Momencik, trwa przetwarzanie danych   loading-animation

#30325

przez (PW) ·
| Do ulubionych
Wchodzę sobie dnia pewnego na facebooka - wiadomość, od pana „x”, który proponuje najłagodniej ujmując „randkę”.

Olałabym sprawę, jednak patrzę na zdjęcie. Zaraz, zaraz... znam. Znam pana, znam również jego żonę (daleka znajoma) oraz ich dwuletnie dziecko. Karpik, piszę że raczej się jemu pochrzaniło, że wiadomość uznam za pomyłkę.
Ten, że nie, a to że ma żonę o niczym nie świadczy. Grzecznie odmówiłam.
Gdy już zrobił się niemiły postraszyłam, że pokażę wiadomości jego żonie. On do mnie, że je skasuje. Powodzenia życzę (chyba nie wpadł na to, że kasując wiadomości u siebie, ja je nadal mam).

I oto zemsta pana piekielnego. ;)
Po kilku dniach wpada jego żona do mnie do domu, robiąc awanturę, że chciałam wskoczyć jej porządnemu mężowi do łóżka.
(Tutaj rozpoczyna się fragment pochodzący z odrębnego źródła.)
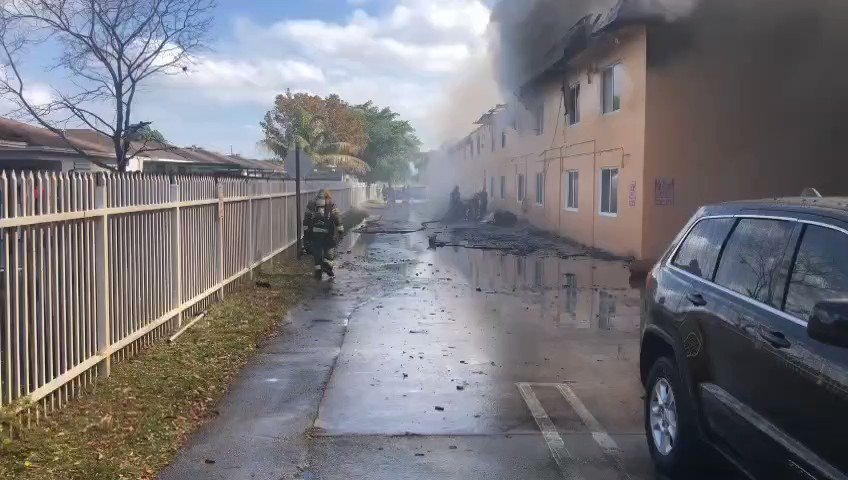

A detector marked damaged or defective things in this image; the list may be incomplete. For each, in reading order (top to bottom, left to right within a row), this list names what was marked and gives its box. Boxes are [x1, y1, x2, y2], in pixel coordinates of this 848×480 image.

broken window [604, 63, 624, 113]
broken window [600, 168, 620, 215]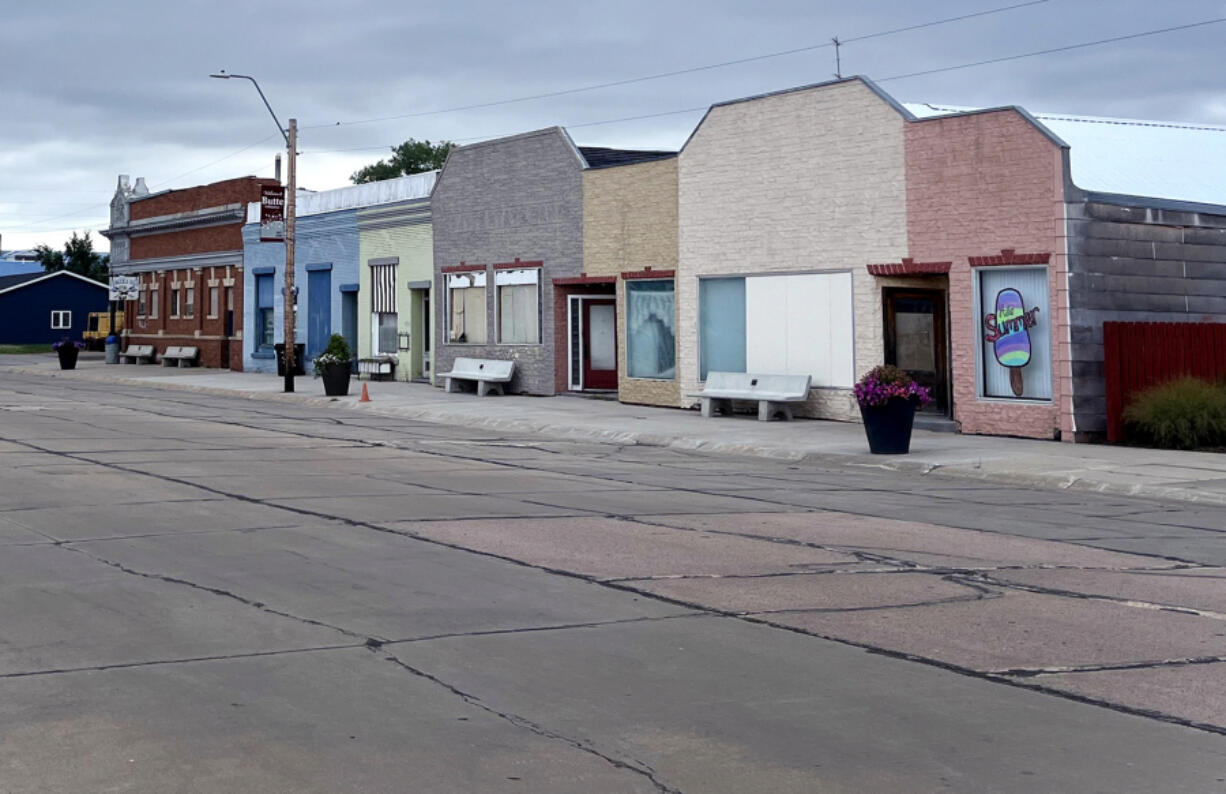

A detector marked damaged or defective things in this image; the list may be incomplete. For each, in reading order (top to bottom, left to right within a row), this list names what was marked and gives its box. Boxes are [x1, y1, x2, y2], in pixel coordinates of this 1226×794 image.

cracked concrete road [2, 372, 1224, 792]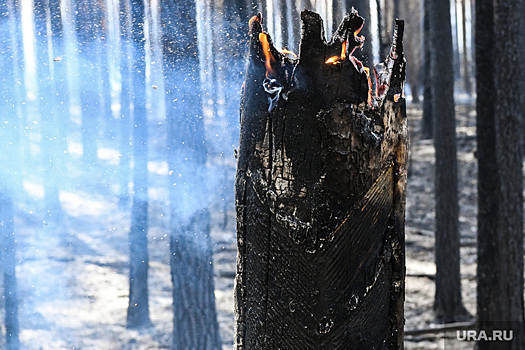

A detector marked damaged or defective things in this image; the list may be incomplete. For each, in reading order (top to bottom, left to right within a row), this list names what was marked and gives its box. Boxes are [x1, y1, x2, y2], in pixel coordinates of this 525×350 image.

burnt wood texture [234, 9, 410, 348]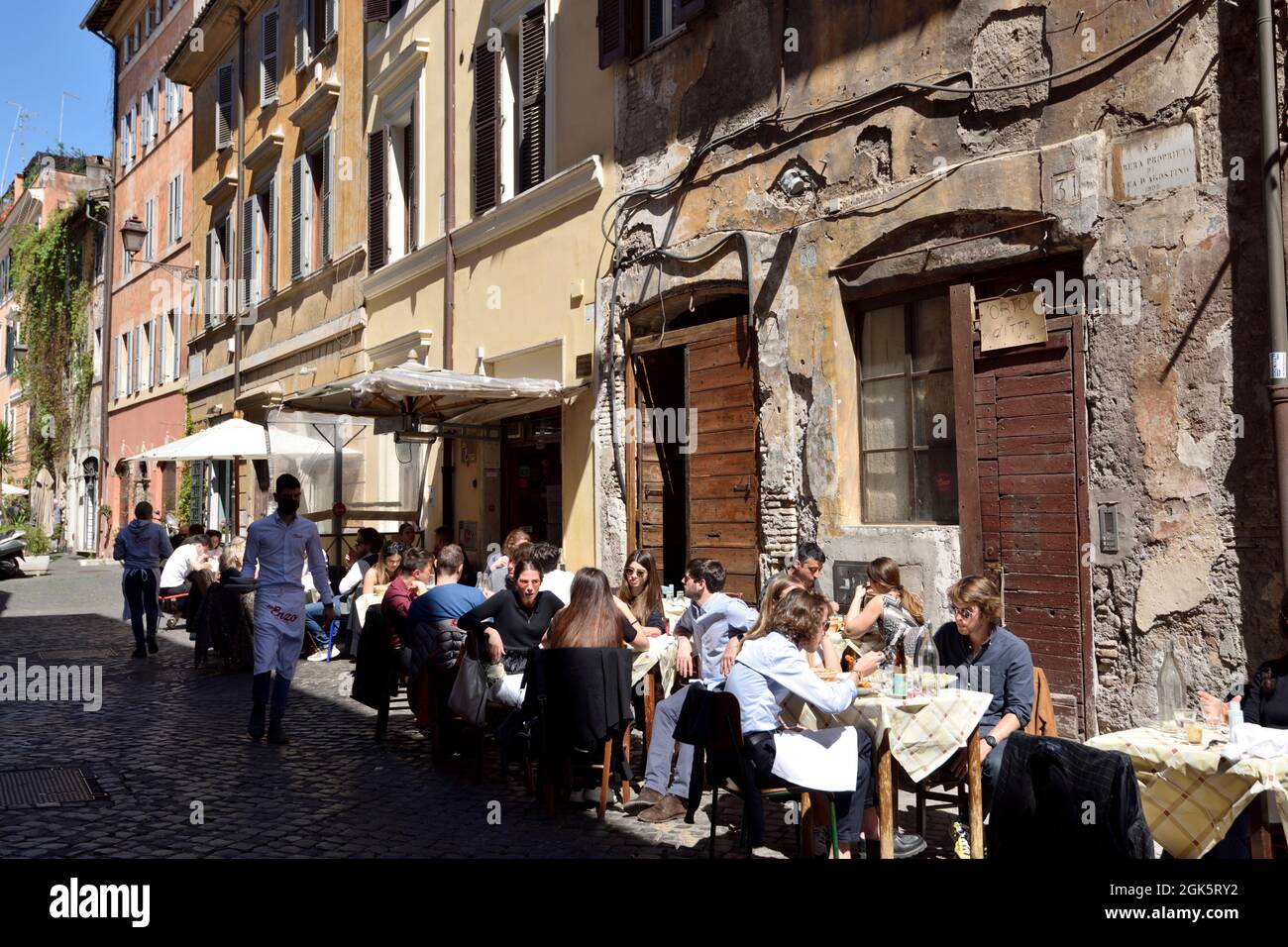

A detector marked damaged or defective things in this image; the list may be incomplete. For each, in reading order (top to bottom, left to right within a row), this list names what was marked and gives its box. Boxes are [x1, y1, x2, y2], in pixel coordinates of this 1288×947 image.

Zdziwiona – tłumaczę sytuację. Jako dowód pokazuję wiadomości.

Aż żałuję, że nie widziałam ich ostatecznego starcia.

internet

Skomentuj (24) Pobierz ten tekst w formie obrazka
Ocena: 1048 (1090)

Komentarze

Momencik, trwa ładowanie komentarzy   ładowanie…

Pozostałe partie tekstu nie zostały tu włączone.